Saturday, March 15, 2014

REVIEW: HEIR OF SEA AND FIRE

In my review of Patricia McKillip's THE RIDDLE MASTER OF HED, I wrote:
RIDDLE-MASTER is a solid effort, though on many occasions it feels too transparently like what it is, a setup-novel for the next two parts—which, my memory tells me, read much better. 



I finally slogged my way through the middle book in McKillip's trilogy, and by my choice of words it should be apparent that I didn't get a sense that the "middle book" read better than the first part.

Where the first book left off by stranding protagonist Morgon in the midst of a moderately interesting supernatural mystery, the second proceeds to keep Morgon off stage for most of the story, focusing instead on his betrothed, a woman named Raederle.  Raederle ('readerly," as in "reading riddles"?)  is frequently mentioned in RIDDLE MASTER, but never appears "on stage."  She spends most of the novel searching for Morgon and trying to learn more about the conspiracy in which he's become involved.

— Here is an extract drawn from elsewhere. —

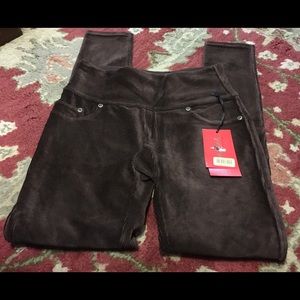 Spanx Brown Knit Corduroy Leggings Small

The most ennervating aspect of HEIR is that it communicates little beyond a sense of marking time.  Raederle is potentially a good character, but her quest to find Morgon is dull, dull, dull, too often filling up time with long scenes of how the heroine and her allies get from one place to another.  There are a few bright spots as Raederle attempts to come to terms with her burgeoning magical talents-- which she inherits from a race of wizardly shapechangers, more or less her opponents in the story.  Occasionally McKillip's poetic talents blossom, but all too often, she goes for the easy simile or metaphor.

What hurts the travel-sequences most is that old writer's enemy: the Curse of Character Sound-Alike. I've struggled with this problem not a little myself.  Still, I don't think most of McKillip's supporting characters were worked out to give them strong enough personalities.  Thus even those characters with very different backgrounds from the heroine's fail to be distinct in any other way.

Since I probably read the trilogy round about the early 1980s, my negative reaction may show a change in my own tastes regarding writing styles and characterizations.  Be that as it may, I almost don't want to reread the final book, despite my good memories of it.  But I'll probably do so, if only to reach a sense of completion on this subject.